» What is needed: Within the entries below, please retype exactly the lines starting with the line that has "Archived image Webcam" and going on through the line that has "Image 7 : DIAMOND", but not the pictures.

» Data shown:
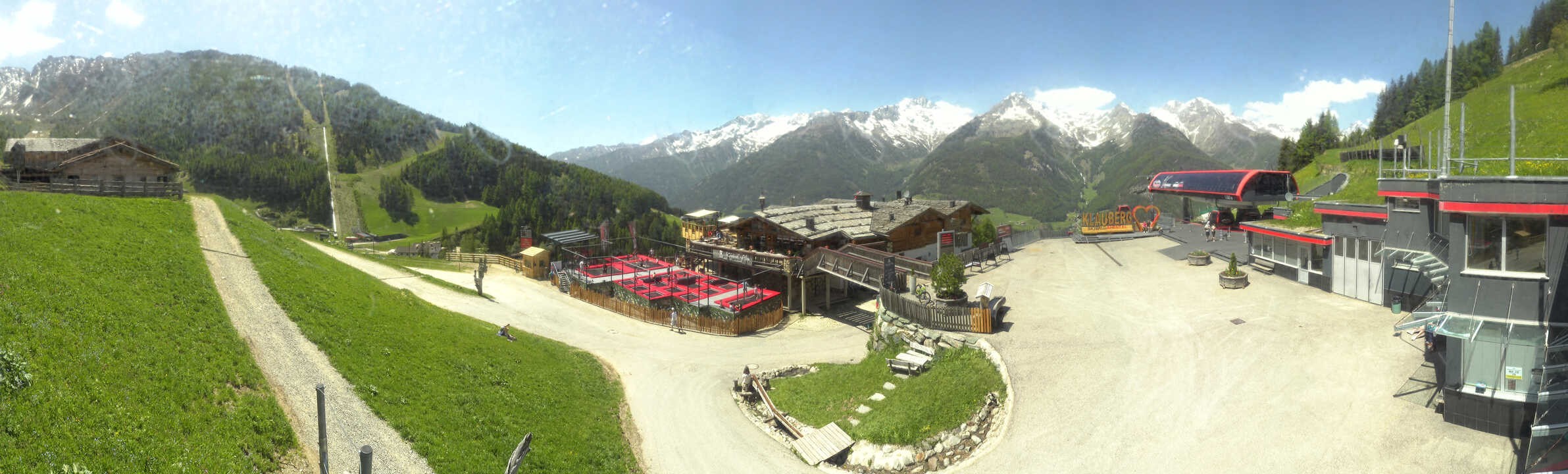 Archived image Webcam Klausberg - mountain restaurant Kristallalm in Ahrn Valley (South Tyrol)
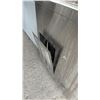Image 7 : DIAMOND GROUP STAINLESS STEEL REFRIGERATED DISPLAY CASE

* * *

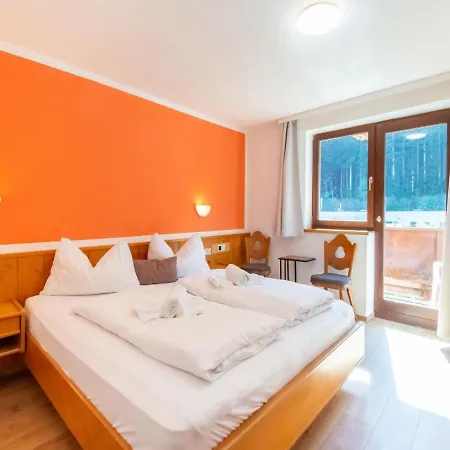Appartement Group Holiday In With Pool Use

» Task answer:
 Archived image Webcam Klausberg - mountain restaurant Kristallalm in Ahrn Valley (South Tyrol)
Image 7 : DIAMOND GROUP STAINLESS STEEL REFRIGERATED DISPLAY CASE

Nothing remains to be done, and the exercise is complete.